十五少女漂流記を観劇してきた。これで全公演終了したので、遠慮なくネタバレする。
この作品の見どころというか否が応でも目に付いてしまうところは、ブリトニーに対するドルチェの過剰なライバル視だろう。生きて帰るという何よりも大きな目的を共有しているはずなのに、4人のドルチェ軍団が他の11人から離れて行く感じ。そんなギスギスは、ドルチェの「選挙で島の統治者を決めよう」という提案で臨界を迎える。あの嫌な空気を作れる19世紀のイギリス人の高慢さヤベェ。
当然自らが統治者になる気だったドルチェに対して、投票結果は大差でブリトニーの勝利。まあ、ドルチェの勘違いが甚だしかっただけで結果自体は順当なんだけど、そこでピークを迎えたギスギスを抱えたまま、冬を越すまで洞窟での共同生活を続けざるをえなかったところとか、ドラマとしては地味でも地獄だろうよ。劇中では冬籠りのシーンに時間をかけていなかったけど、ああなってしまったらもう、越冬後のドルチェ軍団の暴走は不可避だったろう。
フィクションとは言え、実際にこんな状況に追い込まれたら、人間こうなってしまいそうだよなと思ってしまった。人間はそんなに合理的にできていないというわけではなく、求める利益が人それぞれだから不合理に見えるだけなのだろう。無人島生活が長期化し、なんだかんだで長期間生き延びた実績ができたことで、目先の生存に関しては過信してしまった。その一方で、帰ることに関しては全く目処が立たず、共有していたはずの目的が共有できなくなってきた。冬籠りの間、上級生が下級生に勉強を教えようという提案は、帰った後のことを想定したアクションを起こすことで、何とか当初の目的を忘れないよう足掻いていたのだろう。

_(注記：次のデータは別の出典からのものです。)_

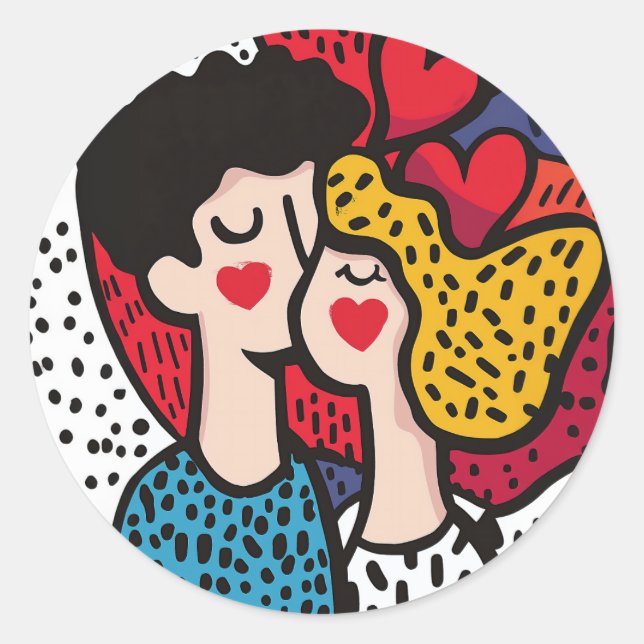 Sticker Rond Illustration romantique d'un couple amoureux (Devant)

まあ、最終的にはシージャック集団が漂着することで、下がりすぎた生存のハードルと上がりすぎた帰宅のハードルが程よい高さになり、生きて帰るために再び団結できたわけだが。やっぱり、目的を共有できないとチームをまとめるのは難しいよなぁ。…と、プレイングマネージャーみたいなことを強いられているオッサンは思う。